He drifted away from religion after reading a critical essay of Life of Jesus by Ernest Renan. Upon graduation in 1873, he managed to persuade his parents to allow him to attend Moscow University and not to send him to the Sejny Priest Seminary.

Basanavičius traveled to Moscow first to study history and philology, but after two semesters he transferred to the Moscow Medical Academy. Again, he benefited from the post-uprising Russification policies. He received one of ten fellowships (360 rubles annually) established for Lithuanian students from Congress Poland. He also supplemented his income by taking up private tutoring, but the living conditions were harsh and that had a lasting impact on his health. Basanavičius actively participated in student affairs, followed developments in Lithuania, and continued his studies of Lithuanian heritage. Collecting data from Rumyantsev and university libraries, he hoped to write a study on Grand Duke Kęstutis.
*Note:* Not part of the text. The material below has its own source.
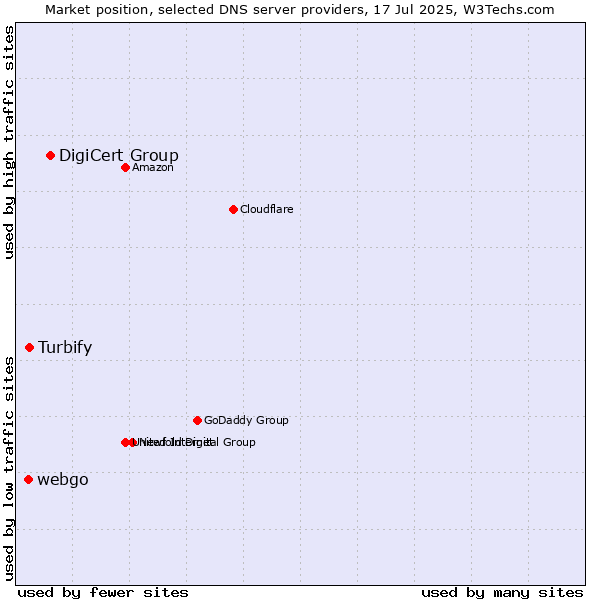 Market position of DigiCert Group vs. Turbify vs. webgo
He usually spent his summers in Lithuania, collecting folk songs, fairytales, riddles.

==Medical career in Bulgaria==
After his graduation in spring 1879, Basanavičius traveled back to Lithuania and had a few patients in Ožkabaliai, Vilkaviškis and Aleksotas. He returned to Moscow in October 1879 hoping to establish his private practice, but soon he accepted a lucrative proposal from the Principality of Bulgaria to become the head of a hospital in Lom Palanka, a town of about 8,000 inhabitants. After arrival in late January 1880, he found a run-down hospital located in a former hotel and energetically took measures to construct a new building, establish outpatient service, and combat perception that the hospital was a place to die rather than to get well. In 1880, the hospital had 522 inpatients and 1,144 outpatients compared to just 19 patients during 1879. The position paid well, expenses were low, so he was able to quickly repay debts and accumulate savings. Basanavičius also wrote medical research articles, liberal political articles supporting Bulgarian politician Petko Karavelov, and cultural articles for Prussian Lithuanian press, including Tilžės Keleivis and Lietuwißka Ceitunga, and academic journal Mitteilungen der Litauischen literarischen Gesellschaft. However, these publications were too much under German control and did not satisfy growing needs of Lithuanian activists. Basanavičius contemplated establishing a truly Lithuanian newspaper.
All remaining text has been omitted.